* Task to complete
When the line containing "A person wearing" is found in the data below, give it again along with every later line, exactly; drop the pictures.

* Collected material
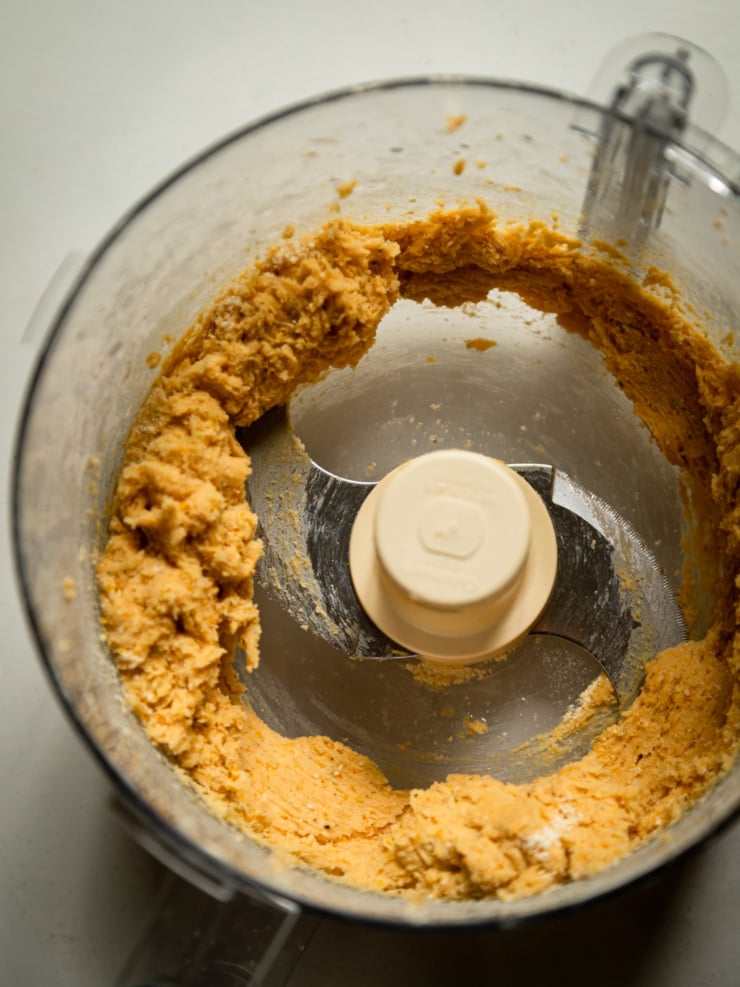 Overhead close-up inside a food processor bowl showing golden chickpea galette dough clumped around the blade after mixing.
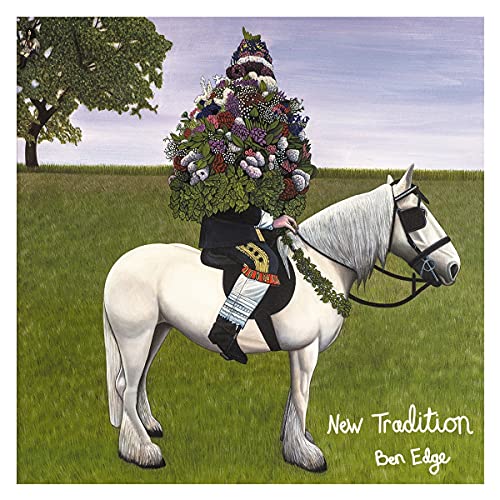 A person wearing a large floral headpiece rides a white horse in a field.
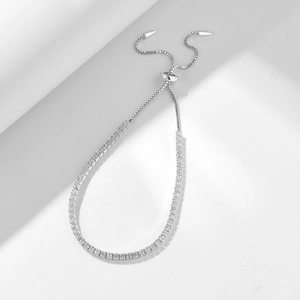 Detail view of 2mm zircon tennis bracelet with adjustable sliding buckle in silver finish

* Your response
 A person wearing a large floral headpiece rides a white horse in a field.
 Detail view of 2mm zircon tennis bracelet with adjustable sliding buckle in silver finish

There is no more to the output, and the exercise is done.